D'Espaux, Leopold Daniel (2013) Synthetic Regulation of Eukaryotic Gene Expression by Noncoding RNA. Dissertation (Ph.D.), California Institute of Technology. doi:10.7907/Z9CR5RBP.


Synthetic biological systems promise to combine the spectacular diversity of biological functionality with engineering principles to design new life to address many pressing needs.

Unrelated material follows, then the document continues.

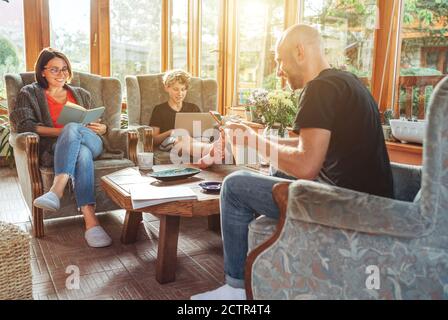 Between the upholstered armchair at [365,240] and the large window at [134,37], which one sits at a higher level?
the large window at [134,37]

As these engineered systems advance in sophistication, there is ever-greater need for customizable, situation-specific expression of desired genes. However, existing gene control platforms are generally not modular, or do not display performance requirements required for robust phenotypic responses to input signals. This work expands the capabilities of eukaryotic gene control in two important directions.

For development of greater modularity, we extend the use of synthetic self-cleaving ribozyme switches to detect changes in input protein levels and convey that information into programmed gene expression in eukaryotic cells. We demonstrate both up- and down-regulation of levels of an output transgene by more than 4-fold in response to rising input protein levels, with maximal output gene expression approaching the highest levels observed in yeast. In vitro experiments demonstrate protein-dependent ribozyme activity modulation. We further demonstrate the platform in mammalian cells. Our switch devices do not depend on special input protein activity, and can be tailored to respond to any input protein to which a suitable RNA aptamer can be developed. This platform can potentially be employed to regulate the expression of any transgene or any endogenous gene by 3’ UTR replacement, allowing for more complex cell state-specific reprogramming.

We also address an important concern with ribozyme switches, and riboswitch performance in general, their dynamic range. While riboswitches have generally allowed for versatile and modular regulation, so far their dynamic ranges of output gene modulation have been modest, generally at most 10-fold. We address this shortcoming by developing a modular genetic amplifier for near-digital control of eukaryotic gene expression. We combine ribozyme switch-mediated regulation of a synthetic TF with TF-mediated regulation of an output gene. The amplifier platform allows for as much as 20-fold regulation of output gene expression in response to input signal, with maximal expression approaching the highest levels observed in yeast, yet being tunable to intermediate and lower expression levels. EC50 values are more than 4 times lower than in previously best-performing non-amplifier ribozyme switches. The system design retains the modular-input architecture of the ribozyme switch platform, and the near-digital dynamic ranges of TF-based gene control.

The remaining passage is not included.